Only the surprise ending of "The American's Tale" (1879) brings any "science" into its fiction and that of the ludicrous man-eating plant variety.
"The Los Amigos Fiasco" (1892) is a comic tale about the arrogance of science that is about as "scientific" as the original "Frankenstein".
"The Great Keinplatz Experiment" (1894) is an early tale of body switching, but calling it SF makes about as much sense as calling the alleged method, mesmerism, "science".
"The Adventure of the Devil's Foot" (1897) and "The Adventure of the Creeping Man" (1903) are a couple of Sherlock Holmes mysteries with some pseudoscientific overtones.
"The Terror of Blue John Gap" (1910) is really a horror tale about an ancient monster accidentally unleashed.
"Through the Veil" (1911) is a tale about reincarnation and remembering past lives.
"The Last Galley" (1911) is a historical tale with perhaps some intended warnings for Britain but only "FUTURE war" tales can properly be considered SF.
"The Great Brown-Pericord Motor" (1911) uses the title invention simply to provide a motive for the crime and a clever way to dispose of the body.
Now with "The Horror of the Heights" (1913) the editors are on firmer ground. Though basically a gothic horror tale, there is enough science in the concept of his "air-jungles" to justify the SF classification.

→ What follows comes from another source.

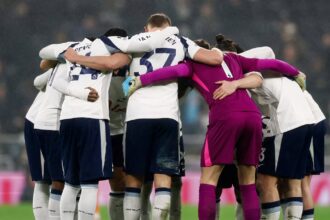 Luiz's family really wants Tottenham to appoint title-winning 'genius' manager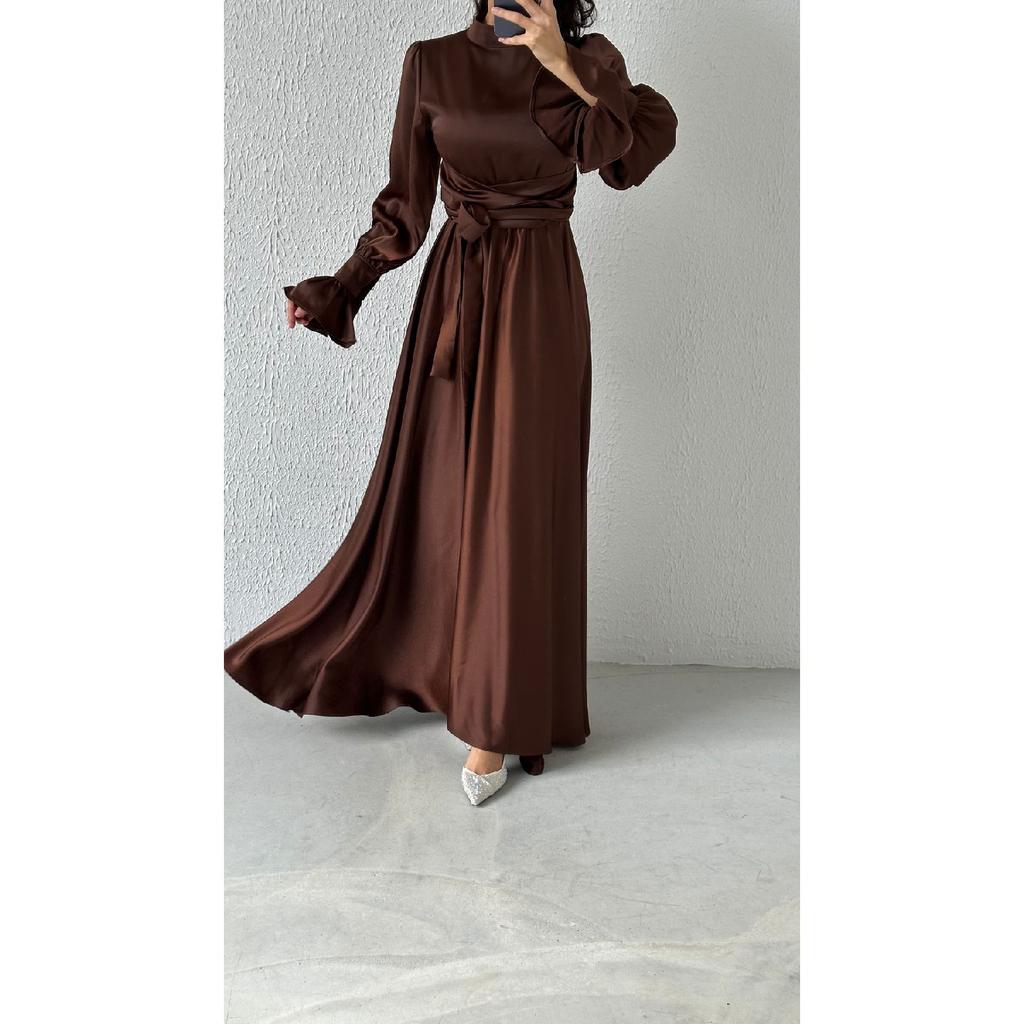 Saténový hidžáb večerní šaty s jemným rukávem v červené barvě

With "Danger!" (1914) there is no question. This classic of "future war" SF that correctly predicted the danger of submarine warfare but utterly missed the military counters to it unquestionably belongs.
But with "The Lift" (1922) we are back to material chosen to fill space. This tale about a maniac sabotaging an elevator is not SF under any possible definition.
The presence of the two Professor Challenger stories that round out the book: "The Disintegration Machine" and "When the World Screamed" are also not in question.
The trouble is that while Sir Arthur obviously wrote a number of things that can legitimately be labeled SF, outside of the Professor Challenger novels and stories they consist entirely of "The Horror of the Heights" and "Danger!" The rest vary from very good to only so-so, but SF they are NOT.